TTS20 on Safari

Tuesday, September 11, 2012

On the Road in Zambia

Big Blue arrived in a whirlwind of excitement and with Ngwenya as the captain our group set off eastward to explore rural Zambia.  Fire charred brush lands interspersed with small villages and bustling towns highlighted the first long truck day.  The group rapidly adjusted to truck life and is mastering crew and tent duties

Ngwenya  and newest son
We spent our first night living off the truck on the banks of Lake Kariba  in a serene campground with zebras grazing lazily nearby.  The following day we hopped aboard a houseboat and chugged through an island channel before settling in for the night in our cozy cabins.  We toured the shores of many islands on a small pontoon boat and ooo-ed and ahhh-ed over kudo, hippos, bushbuck, and impalas before switching to a pristine safari camp along the banks of a deserted island.  The girls dubbed the island camp – swamping – swanky camping, a term that has come to describe other sights along the way.

Impala Pronking

A few quick, on the spot quotes from some gals:
Megan L - “Swamping - It’s like camping but glorious.”

Brooklyn - “I was in awe by the zebras grazing around our lake side yoga studio.”

Jane - “I received two hundred waves from the truck during our first 9 hour ride.  I felt the warmth of this country that I don't always feel in the USA.”

The Math Concepts class started the semester talking about how and why we make certain decisions from different choices.  Each decision is based on various factors based on lifestyle, values, family and friends, and the girls studied why these factors and others affect their decision-making. We then moved our discussion to how people make choices about finances and budgets.  The class focused on budget sheets – how to create a budget and how to deal with unexpected expenses, pay stubs, and keeping a balance sheet for daily transactions.  These topics set the stage for the upcoming Game of Life.

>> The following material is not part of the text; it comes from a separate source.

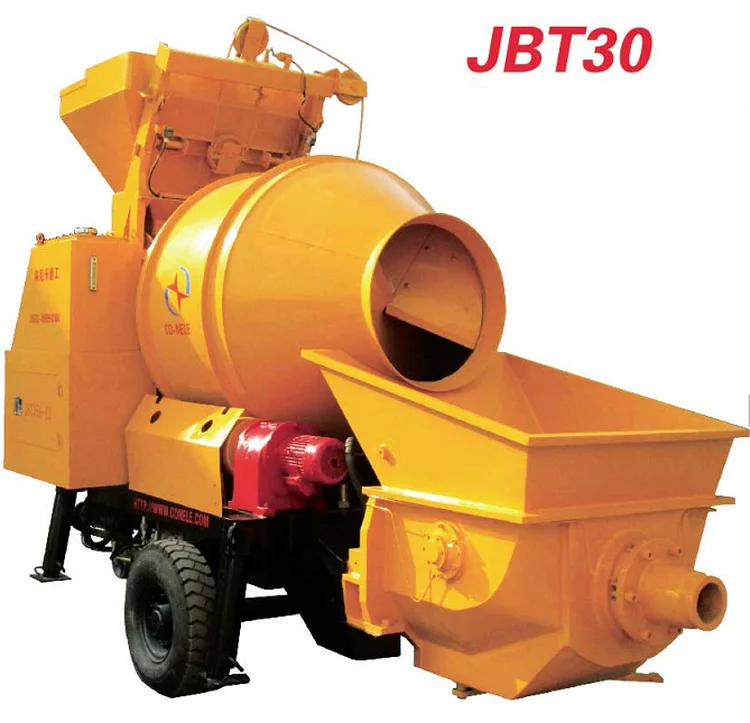 JBT40 mobile concrete mixer pump factory price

The ladies quickly formed an interactive class environment – sharing ideas and problem-solving tactics amongst one another.  Each student shows extreme capability in her math skills and offers a different perspective to share with the class.  The class just finished the prerequisite chapter and refreshed their Algebra knowledge.  The chapter covered algebraic expressions, real numbers, exponents and scientific notation.  We also covered various rules and problem-solving methods to solve rational, linear and polynomial equations.  Next week the class will begin to study functions and their corresponding graphs.

Throughout the first three weeks of the semester, the students reviewed Algebra 1 skills and are quickly approaching polynomial equations and solving for variables.  The class works well as a team with each one helping another work through word problems using order of operations.  As an additional challenge, the students enjoy choosing unique class settings such as dangling their legs in the pool or finding the best shade for a Crazy Creek circle.

iLife & PE
iLife class helps strengthen our community by addressing many difficult issues faced during a Traveling School semester and beyond.  In the first weeks, we studied self-defense and the power of the word “NO”, organization strategies to master school and group-living stressors, self-awareness in a group setting and time management skills.  The class is also addressing the various stages of group development and the ways to navigate various personalities and expectations.  

Students are enjoying the variety of PE opportunities throughout southern Zambia—from running on a local golf course to practicing yoga alongside zebras to plyometric exercises in whispers in the middle of a sleepy campground.  The students are setting personal athletic goals using the SMART goal format and have challenged one another to try 1% harder each day.

Global Studies class is a forum for thought-provoking discussions about southern African culture, politics and lifestyles.  The class created skits to demonstrate American culture and the idiosyncrasies we don't even notice about our own culture before studying Zambian culture and current events.  During discussions, we also engage in how various sights and events we witness impact our view on tourism and the global community.  Our driver Ngwenya is also teaching the girls aspects of his own Shona culture such as greetings and ways to show respect which are important to our interactions in Zambia, Mozambique and South Africa.  The girls are beginning to greet him each morning with a proper “Mangwanane”.  TTS20 is quickly realizing how fast we experience things along the road and how various points affect them differently.  To help aid in the reflective process, the girls wrote their first weekly R,R,and R essays (Reaction, Reflection, and Response) last week about something that has impacted them individually thus far in the semester.